# 2002 Mazda Tribute/Ford escape Paint Codes



## A_Tribute_to_Me (Apr 19, 2011)

Hi all - just joined, great site this, pity I didnt find it sooner.:wavey:

I drive a 2002 Mazda Tribute which I learnt is a rebadged (+ minor other differences) Ford Escape.

I Pranged my bumper last week and now its repaired and filled, just need paint but then the problem started.
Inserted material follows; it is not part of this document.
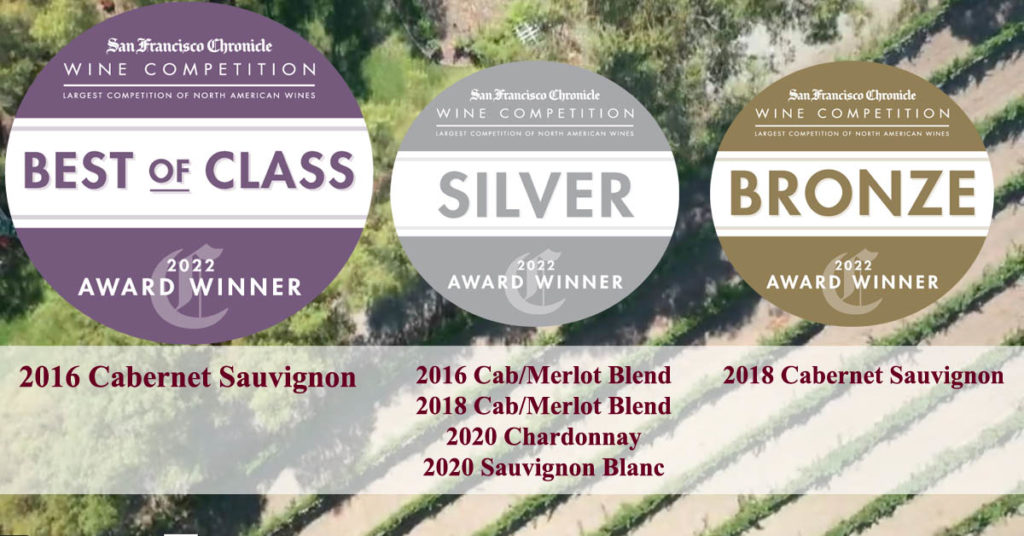 Retzlaff awards of Silver, Bronze, and Best of Class at 2022 SF Chronicle Wine Competition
My label says ext paint code is 22Y and interior is EB3.

However my paint is 2 tone, dark green over a greyish gold so dont know what 22Y refers to and when I checked online paint guides for the year - no 22Y appeared anywhere.

I did a search on Ford Escape and found a dark Highland green /Dark Shadow grey which seems to match (as near as you can tell on a pc screen).

I need the actual code to get a paint mixed but meanwhile have found a very near one off the shelf which will do meanwhile.

By the way anyone who needs to remove the front bumper - it was dead easy and can be managed by one person with care.

Would appreciate any help with paint codes even as to whether Mazda used their own or Fords paint codes on these rebadged Fords.
Thanks. ray:


----------



## SABL (Jul 4, 2008)

Hi ATtM...welcome to TSF!!

Have you tried http://www.dupontpc.com.au/assets/pdf/Colour/SpiesHecker/Mazda-Paint-codes-Feb-2008.pdf

I see the color code being listed for 2001 and shows Vivid Green 16P matched with Moonlight Gray 12M......whatcha think?? (on the second page of the pdf)


----------



## A_Tribute_to_Me (Apr 19, 2011)

Wow that was quick - will check it out.
Thanks SABL


----------



## SABL (Jul 4, 2008)

Let us know......


----------